Noi a metà degli anni Settanta saremmo finiti sicuramente dietro alle sbarre. Già a quei tempi Re Nudo sosteneva che negli Stati Uniti: «conta più Jane Fonda che dice ai militari americani di disertare la guerra in Vietnam che cento marce della pace», che in Italia «contano più i pugni chiusi di un gruppo rock che non i discorsi dei leader dei movimenti». Nei grandi raduni gli artisti si erano trasformati in portavoce di ideologie e battaglie contribuendo alla nascita di un progetto comune. Perché – e ne siamo sempre convinti - cinema e musica, quindi, ma anche pittura, teatro, poesia, letteratura, disegno, tutte le arti e le culture possono fare molto di più della fredda analisi politica.

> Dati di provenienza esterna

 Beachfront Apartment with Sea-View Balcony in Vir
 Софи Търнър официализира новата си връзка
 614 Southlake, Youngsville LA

Un cambiamento di paradigma culturale può avere un impatto sociale concreto nella società.
È per questo che il Festival di Re Nudo è tornato.
È diverso, e ci mancherebbe altro, sono cambiati i tempi, gli attori, il panorama sociale e politico. Siamo cambiati anche noi, ma lo spirito, l’obiettivo resta quello originale, dei festival passati di oltre cinquant’anni fa: rivelare una visione culturale non omologata al mainstream, offrire contenuti alternativi e liberi da condizionamenti, portare alla luce quelle proposte che faticano a trovare spazi. Il Festival che si svolgerà a Milano non vuole essere un’operazione nostalgia, nemmeno un raduno di reduci, ma un’occasione da offrire a giovani artisti per uscire dai loro rifugi e farsi conoscere a un pubblico differente, per scambiarsi idee, opinioni, intrecciare le arti e le diverse culture con altri.

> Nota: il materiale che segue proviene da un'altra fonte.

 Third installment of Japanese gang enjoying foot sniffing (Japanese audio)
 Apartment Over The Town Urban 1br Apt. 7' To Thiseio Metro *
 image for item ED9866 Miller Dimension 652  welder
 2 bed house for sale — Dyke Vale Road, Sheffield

È bene sapere che un cambiamento culturale può avere un impatto sociale, concreto e misurabile nella società, tanto che numerose ricerche dimostrano come la partecipazione ad attività culturali possa contribuire ad aumentare il benessere delle persone.
Perché la cultura non salverà il mondo, ma è sicuramente un modo efficace per renderlo migliore.